Stored dataset items:
%%

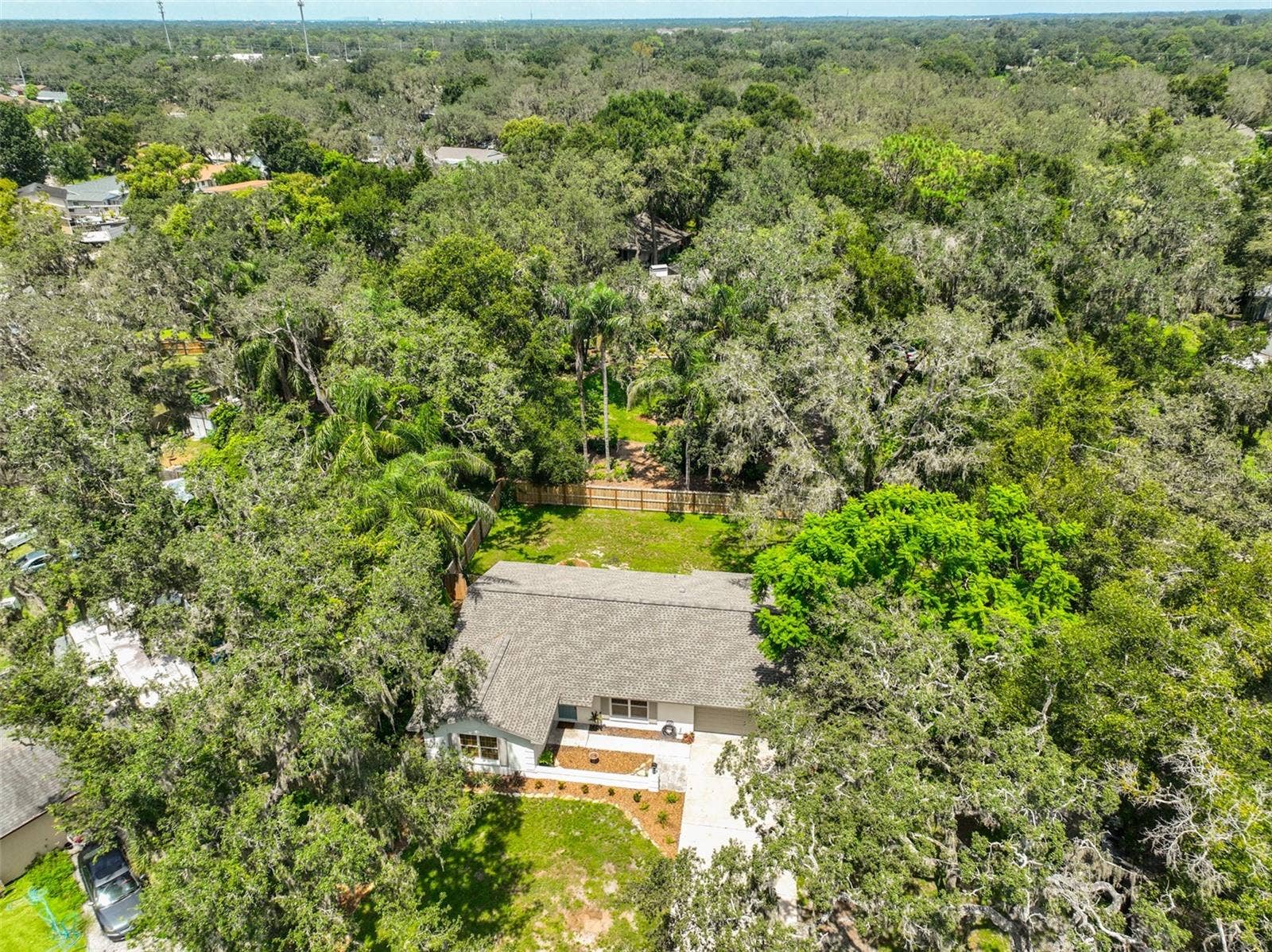 121 WINDY CIRCLE, Brandon, FL 33511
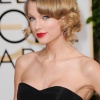 Filename=taylor_0108.jpg
Filesize=801KiB
Dimensions=2136x3216
Date added=May 02, 2025 taylor_0108.jpg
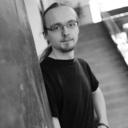 Felix Bartsch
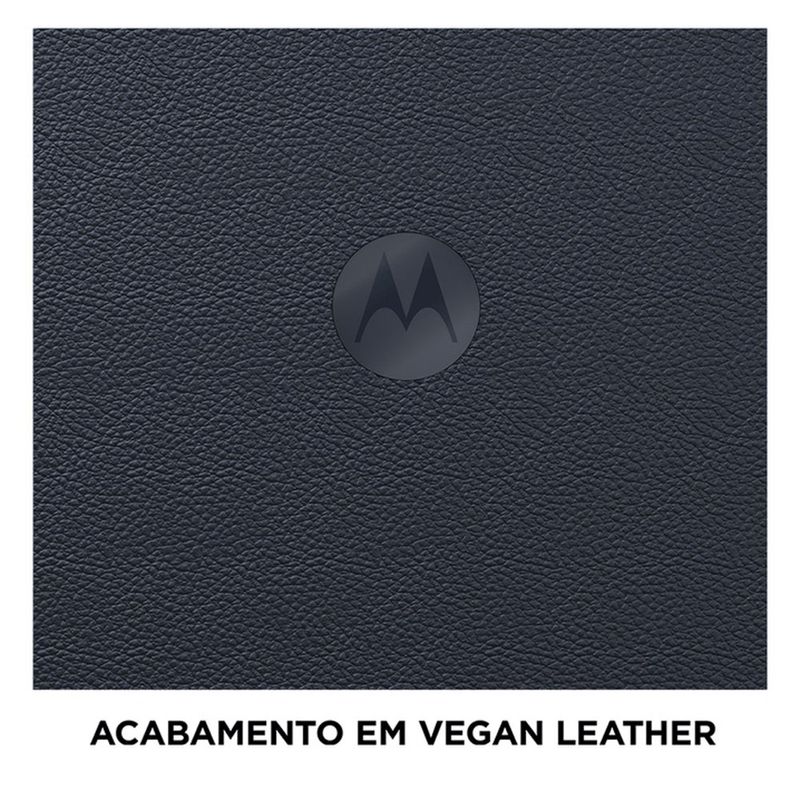 celular-motog-g56-07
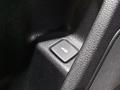 Honda Civic 2020 года за 6 960 000 тг. в Алматы – фото 16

%%

● **Task requirements**
Would you write out every record word for word, leaving no picture in?

● **Your response**
 121 WINDY CIRCLE, Brandon, FL 33511
 Filename=taylor_0108.jpg
Filesize=801KiB
Dimensions=2136x3216
Date added=May 02, 2025 taylor_0108.jpg
 Felix Bartsch
 celular-motog-g56-07
 Honda Civic 2020 года за 6 960 000 тг. в Алматы – фото 16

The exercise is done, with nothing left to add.